# Best herp bargain?



## stephenie191 (May 29, 2007)

Juts won a strip heat mat, normally £15 for £6 on ebay.

I'm chuffed because when you have loads of snake, a lizard and 2 dogs to pay for things mount up.

So it got me wondering, whats the best bargain you've had? 

Has to be herp related.

I think dunelm mill fake plants, 6ft long and £3.60 each - saved me a fortune ! :lol2:


----------



## Rptle (Apr 2, 2009)

stealing


----------



## Lego (Jun 22, 2009)

I'm not having much luck with herp related bargains, I seem to keep getting screwed over lol. Maybe I'll stick to buying new stuff :lol2:


----------



## wohic (Jun 19, 2006)

2 adult proven female tailess cresties from the local shop for £60 (for the pair not each)


----------



## boromale2008 (Feb 6, 2008)

a 35x6'' heat strip for £3


----------



## xxstaggyxx (Oct 22, 2008)

boromale2008 said:


> a 35x6'' heat strip for £3


now that is a bargin i can get all reptile supplies a trade price so i would say that would save me a few quid 

but £3 for a heat matt that is ace


----------



## alan1 (Nov 11, 2008)

picked up a "super pastel" royal for less than £300...


----------



## gregmonsta (Dec 3, 2007)

Free plastic plants from pubs/schools/offices :gasp:

Apart from that ... any snake bought directly from a breeder (only one of my snakes was bought from a shop ... and she was more of a rescue) - £10 red-sided garter snake :2thumb: (not counting the two free snakes I got from a fellow breeder down south).


----------



## Robbie (Dec 4, 2006)

Pregnant Sand Boa that I bought over Gumtree as male without viewing first : victory:
Although I suppose that might work against me as I ended up paying more to keep and rear the babies.


----------



## Josh-sama (Sep 26, 2008)

Pewter corn sold as Anery for £40 when value hits £100+


----------



## tracey (Jan 31, 2008)

stephenie191 said:


> I think dunelm mill fake plants, 6ft long and £3.60 each


And i though i was the only one who knew about these.lol

Iv'e had many bargains over the years.
18+18+18in txoterra cube for free.
pair of cali kings with vivs and equipment free.
pair of bearded dragons(disabled) free with vivs & equipment.


----------



## stephenie191 (May 29, 2007)

tracey said:


> And i though i was the only one who knew about these.lol
> 
> Iv'e had many bargains over the years.
> 18+18+18in txoterra cube for free.
> ...


I've only had the odd exo terra faurnarium free. Never reptiles!

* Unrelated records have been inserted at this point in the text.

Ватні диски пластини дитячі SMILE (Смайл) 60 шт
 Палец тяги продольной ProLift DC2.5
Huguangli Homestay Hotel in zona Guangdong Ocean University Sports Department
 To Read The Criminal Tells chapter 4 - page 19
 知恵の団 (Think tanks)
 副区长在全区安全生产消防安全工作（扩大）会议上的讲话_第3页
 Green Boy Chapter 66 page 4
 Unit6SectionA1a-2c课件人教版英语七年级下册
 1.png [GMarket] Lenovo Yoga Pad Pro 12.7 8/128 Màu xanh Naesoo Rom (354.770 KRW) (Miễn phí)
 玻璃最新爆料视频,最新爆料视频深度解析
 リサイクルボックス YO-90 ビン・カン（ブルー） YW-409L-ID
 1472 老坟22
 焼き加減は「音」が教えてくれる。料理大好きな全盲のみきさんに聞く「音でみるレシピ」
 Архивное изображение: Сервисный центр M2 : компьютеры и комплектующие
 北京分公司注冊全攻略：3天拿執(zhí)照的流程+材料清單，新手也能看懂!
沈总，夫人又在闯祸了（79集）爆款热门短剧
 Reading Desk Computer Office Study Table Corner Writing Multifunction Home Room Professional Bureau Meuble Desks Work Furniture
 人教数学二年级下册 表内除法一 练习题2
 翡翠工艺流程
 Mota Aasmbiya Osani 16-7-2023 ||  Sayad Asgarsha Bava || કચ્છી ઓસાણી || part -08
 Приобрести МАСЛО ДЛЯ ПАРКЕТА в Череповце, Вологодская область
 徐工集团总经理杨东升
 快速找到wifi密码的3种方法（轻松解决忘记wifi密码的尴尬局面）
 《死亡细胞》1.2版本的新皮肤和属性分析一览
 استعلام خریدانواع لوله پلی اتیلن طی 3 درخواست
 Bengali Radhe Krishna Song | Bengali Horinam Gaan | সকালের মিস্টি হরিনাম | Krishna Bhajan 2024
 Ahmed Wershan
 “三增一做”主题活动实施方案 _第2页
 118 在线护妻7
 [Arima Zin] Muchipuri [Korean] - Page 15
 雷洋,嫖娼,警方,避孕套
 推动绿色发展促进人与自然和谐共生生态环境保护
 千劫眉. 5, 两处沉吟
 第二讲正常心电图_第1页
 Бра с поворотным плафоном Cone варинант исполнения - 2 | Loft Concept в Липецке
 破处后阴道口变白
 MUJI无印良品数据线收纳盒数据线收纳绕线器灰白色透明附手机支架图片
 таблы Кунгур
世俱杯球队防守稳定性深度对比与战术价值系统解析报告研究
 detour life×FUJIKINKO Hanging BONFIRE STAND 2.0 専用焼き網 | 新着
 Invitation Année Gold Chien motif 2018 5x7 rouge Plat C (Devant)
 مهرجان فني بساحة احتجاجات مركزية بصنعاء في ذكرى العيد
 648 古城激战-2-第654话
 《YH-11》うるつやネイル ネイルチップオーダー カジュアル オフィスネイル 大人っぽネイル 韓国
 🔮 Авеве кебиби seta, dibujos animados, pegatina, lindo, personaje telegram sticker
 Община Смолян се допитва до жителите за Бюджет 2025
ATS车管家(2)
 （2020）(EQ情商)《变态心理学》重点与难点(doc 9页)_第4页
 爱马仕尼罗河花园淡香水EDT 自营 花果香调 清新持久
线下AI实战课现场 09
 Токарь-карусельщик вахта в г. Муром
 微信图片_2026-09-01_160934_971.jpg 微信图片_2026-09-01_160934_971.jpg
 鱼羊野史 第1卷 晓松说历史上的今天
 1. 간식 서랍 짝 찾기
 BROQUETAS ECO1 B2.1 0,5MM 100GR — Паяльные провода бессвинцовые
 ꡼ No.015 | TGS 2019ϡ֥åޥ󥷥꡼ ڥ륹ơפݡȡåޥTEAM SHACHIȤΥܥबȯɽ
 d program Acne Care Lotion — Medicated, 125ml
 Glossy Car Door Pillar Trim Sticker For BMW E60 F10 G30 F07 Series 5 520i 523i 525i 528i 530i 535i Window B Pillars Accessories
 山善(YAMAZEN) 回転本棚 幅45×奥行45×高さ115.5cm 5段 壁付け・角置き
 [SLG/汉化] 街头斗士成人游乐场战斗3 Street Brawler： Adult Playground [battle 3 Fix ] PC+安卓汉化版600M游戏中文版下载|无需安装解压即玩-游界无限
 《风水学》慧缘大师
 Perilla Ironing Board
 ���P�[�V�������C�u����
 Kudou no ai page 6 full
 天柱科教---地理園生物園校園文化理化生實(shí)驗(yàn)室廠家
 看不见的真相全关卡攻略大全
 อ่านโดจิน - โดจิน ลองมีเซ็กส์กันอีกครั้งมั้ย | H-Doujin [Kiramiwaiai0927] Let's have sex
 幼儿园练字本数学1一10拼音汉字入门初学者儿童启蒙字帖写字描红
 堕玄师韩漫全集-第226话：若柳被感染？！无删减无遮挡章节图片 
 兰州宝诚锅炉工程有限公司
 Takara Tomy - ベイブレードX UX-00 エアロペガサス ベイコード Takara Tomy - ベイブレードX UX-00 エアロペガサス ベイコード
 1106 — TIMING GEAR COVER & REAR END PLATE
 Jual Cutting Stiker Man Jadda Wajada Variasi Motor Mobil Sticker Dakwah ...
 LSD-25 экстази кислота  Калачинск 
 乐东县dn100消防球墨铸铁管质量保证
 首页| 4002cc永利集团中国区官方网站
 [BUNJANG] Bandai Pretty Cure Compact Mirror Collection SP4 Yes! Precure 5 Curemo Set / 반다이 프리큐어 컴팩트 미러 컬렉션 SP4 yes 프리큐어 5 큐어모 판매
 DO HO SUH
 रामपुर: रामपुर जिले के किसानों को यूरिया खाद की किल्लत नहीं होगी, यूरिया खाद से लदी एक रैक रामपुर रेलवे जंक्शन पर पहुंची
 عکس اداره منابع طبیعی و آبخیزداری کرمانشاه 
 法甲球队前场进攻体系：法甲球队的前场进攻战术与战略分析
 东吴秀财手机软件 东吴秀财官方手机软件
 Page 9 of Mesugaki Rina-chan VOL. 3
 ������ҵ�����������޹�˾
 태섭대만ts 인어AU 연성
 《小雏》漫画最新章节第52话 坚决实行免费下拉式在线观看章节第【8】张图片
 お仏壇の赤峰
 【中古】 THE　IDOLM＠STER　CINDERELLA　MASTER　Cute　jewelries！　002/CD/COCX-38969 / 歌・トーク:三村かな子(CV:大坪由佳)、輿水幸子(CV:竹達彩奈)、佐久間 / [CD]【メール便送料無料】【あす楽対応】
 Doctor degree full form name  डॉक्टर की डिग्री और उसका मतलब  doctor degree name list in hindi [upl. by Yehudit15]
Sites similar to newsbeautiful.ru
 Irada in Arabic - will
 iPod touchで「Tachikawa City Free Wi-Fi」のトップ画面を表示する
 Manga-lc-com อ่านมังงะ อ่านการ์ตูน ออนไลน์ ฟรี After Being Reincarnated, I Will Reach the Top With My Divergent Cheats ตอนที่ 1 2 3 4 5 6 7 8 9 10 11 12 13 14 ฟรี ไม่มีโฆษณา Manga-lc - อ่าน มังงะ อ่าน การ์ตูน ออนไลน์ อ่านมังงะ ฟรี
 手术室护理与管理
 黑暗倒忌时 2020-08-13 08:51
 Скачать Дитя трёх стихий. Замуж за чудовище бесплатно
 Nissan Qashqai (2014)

No, there was a thread not long ago i started, they also do good wood in there for £1.99!

Dunelm mill all the way :no1: Ohh i got tubs for £2 as well not long ago


----------



## zon3k (Jun 7, 2009)

was given a jungle/jag carpet python and managed to pick up about 10 foot of cork bark for £25
not too bad for either! :2thumb:


----------



## shep1979 (Feb 24, 2008)

mine has to be the latest additoins to my leo collection
1.0 super snow
0.2 mack snow
1.0 mack snow balbino
0.2 engima
1.3 talbino
0.2 sunglow
1.2 blazing blizzard
0.2 hypo
0.2 patternless albino
0.2 murphys patternless

all for £400 :2thumb:


----------



## kettykev (May 15, 2009)

adult four lined snake..free
5 ft corn..free
Kenyan sand boa,small viv,heat mat and couple of frozen mice £20
pair of adult Taiwanese beauty snakes £80


----------



## xxstaggyxx (Oct 22, 2008)

another bargin i have had last week 

2 06 male and female BCI who i will be breeding


----------



## zon3k (Jun 7, 2009)

fake yucca plant leaves at home sense that scanned up at 50p instead of £5
'ill just pop back and get the other' :whistling2:


----------



## Mouki (Apr 29, 2009)

female albino checkered garter, exo terra snake hide, 11'' by 11'' heat mat, cork bark for 34pounds....i thought it was a bargain anyways XD

shct and patternless leos, 3ft viv, java branch, 2 other 2ft logs, exo terra hides, habistat pulse stat, 11'' by 11'' heat mat, night glo light, normal bulb, 2 large plants, i hanging plant, cermamic heat bulb and ceramic bulb holder....all set -up for just 80pounds


----------



## steve200 (Jun 8, 2009)

07 female pastel royal for £70

08 male pastel for £50.

bloke didnt know what he was selling and who was i to tell him any different.


----------



## Ferret1959 (Jul 16, 2008)

2000x500 heat mat for 99p.
Well it's under floor heating but if you are clever like me you use it for a hatchling rack system. 


I've had a few reptiles foc due to rehoming but not taken on for gain or profit. 

Glass runners cheap cos I buy so many.
Stick on door handles for 10p each. 

100's of pounds worth of W/C Malawi cichlids from my local aquatics shop.
He has a clear out now and again when expecting new stock.


----------



## Georgeyboy! (Jun 11, 2009)

A bcc for 100 quid.


----------